Local chair’s responsibility usually includes physically reviewing the local venue (if possible), advertising the conference to the local community including government organizations, universities and private companies, working with the chairs and [professional organization] staff to organizing the local logistical details for the days of the conference and also organizing the social event on the second day of the conference. We hope you will be able to accomplish this by committing not more than a day per month over 12 months preceding the conference.

We will set up a conference call soon to kick off the planning sessions."

Is he joking? No way!

I wrote back right away and said that I had misunderstood the role of local chair, apologized profusely, and would be happy to review abstracts or do something academic for the conference.

Friday, September 5, 2008

Impostor syndrome: email version

I am supposed to be finding a research project now. The only constraint is that my research has to relate to the training grant, and I think they want me to do a little work with some people in the research center, but otherwise I can go around the department finding people to work with. I have a whole list, and I have carried around that list of people to speak with for several days before I got up the courage to write to any of them. Classic impostor syndrome: I think they wouldn't want to work with me either right now or later after getting to know me.

The funny thing is that it doesn't get any easier the more I write to. I wrote to the three directly suggested to me, no problem. And to the department chair. But now I have 3 or 4 more left, and each one feels difficult.

My insecurity was made slightly worse that my (very sweet but straight-talking) advisor said that the department chair was a good person to speak with as long as I don't ask him about nonsense. I should let that roll off my back. I know I should. I just feel like I should take some lesson from it.

Also, one of the 3 I have to write to, made some sarcastic remark to me in a phone conversation before I came, which made me feel like he thought I wasn't smart. And everyone tells me this guy is so nice.

Just have to do it. Three two one and then it's the weekend. And I will have accomplished all week is attending a class and sending some emails. Well, and getting more settled. And reading more Boice.
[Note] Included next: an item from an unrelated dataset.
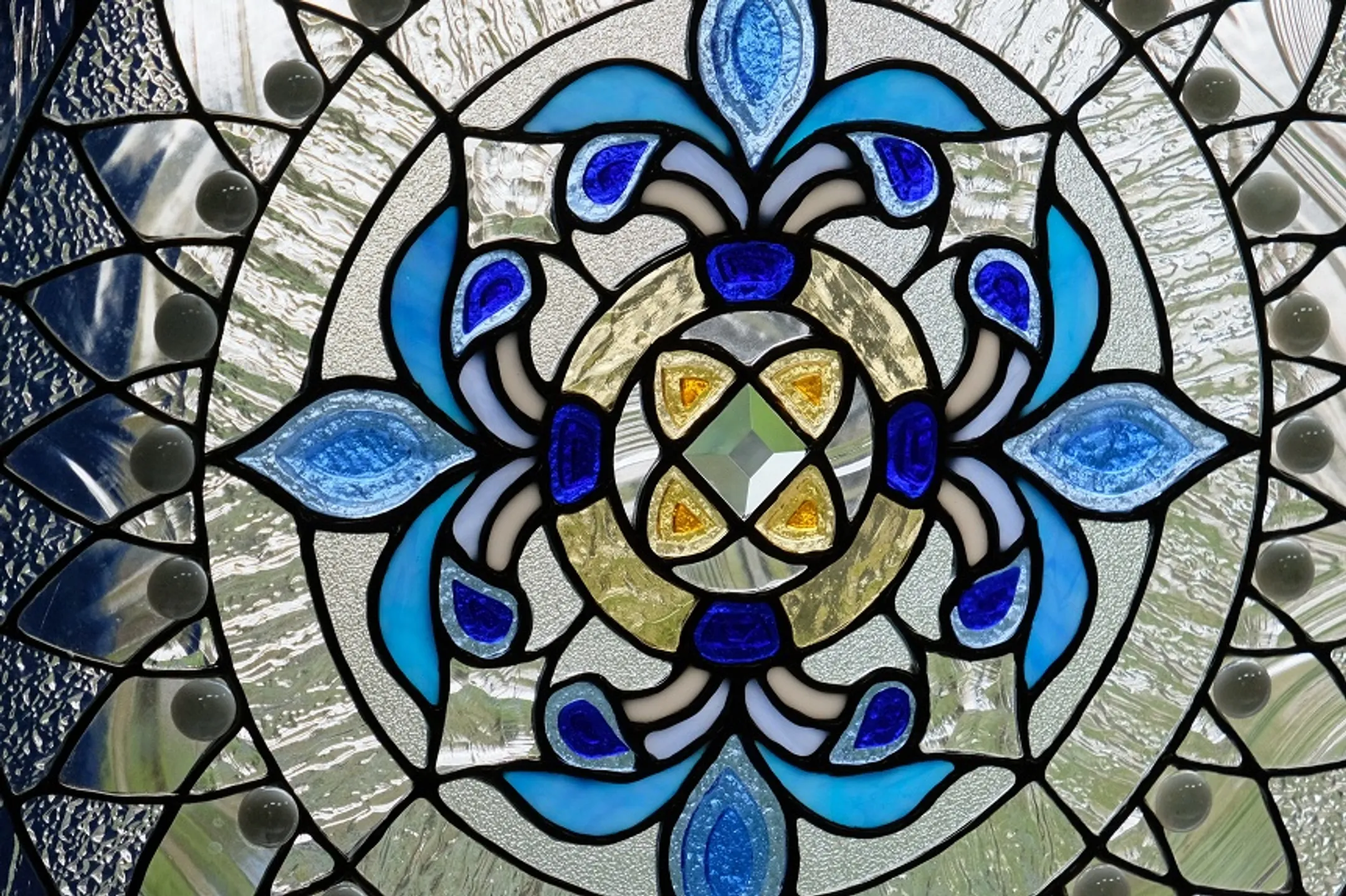 Цветной бизнес: как заработать на изготовлении витражей - Image Kapital.kz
Tuesday, September 2, 2008


The current balance in my bank account is $1.71. I've never in my life seen a bank balance like that.

Somehow the moving expenses this time have been thousands of dollars.

I do not get reimbursed any moving expenses, and my first 6 weeks of pay go entirely to moving. I am detailing my expenses so people can see what it goes to, even for someone who is very careful about money. I shopped around a lot for things like moving and car shipping companies where there were many estimates, and chose the cheapest options by far in each category. I packed lots of things that people tend to throw out and buy new in each new place, like bathroom and bedroom trash cans and silverware trays, and I got these things free in the first place. Much of my furniture comes from Craig's list and Goodwill, but I also didn't have time to do Craig's list for everything or ability to (e.g.) move a couch by myself.

Here is the list of expenses:

- $1100 moving
- $600 to transport a car.
- $150 one-way plane fare
- $100 to rent a car to shop during first 3 days because my car's shipment was delayed by 10 days.
- $900 in new furniture: kitchen had no counter space and little storage- $125 for countertop/storage (on clearance); my roommate owned our couch and I can't move a couch from Craig's list in my car - $400 for new couch that arrives by UPS and can be assembled and disassembled for moving; twin bed for guest bedroom + extra mattress + sheets: $240, new armchair $90.
- $500 in other set-up expenses: food, lightbulbs, lamps, cleaning supplies.
Total: 3450. And there's more beyond that, I'm sure.

Some of these expenses could have been less if I spent more time --- e.g., the gas estimate was $300 to drive the car instead of $850 to ship car + fly + rent car due to late car shipment --- but there is a time and practicality trade-off, and the car is more than a decade old and not necessarily reliable. I could have found a couch for free and rented a UHaul and found someone to help me move the couch, instead of spending $400 on a new one shipped to me.

This way, I was done with all moving activities in a few days and was able to move everything by myself since I don't have anyone to help me.

It does seem inadvisable that someone should spend more than 10% of their annual post-tax income on moving. And yet that's how it fell out.

Friday, August 29, 2008

News from the crime scene

Literally just as I was coming back from writing the previous blog post, including the note about the apparent suicide in my department exactly one week before, I was rounding the corner and saw that a security officer and a guy in a white shirt and tie were unlocking the suicide's office door, which is a few down from mine.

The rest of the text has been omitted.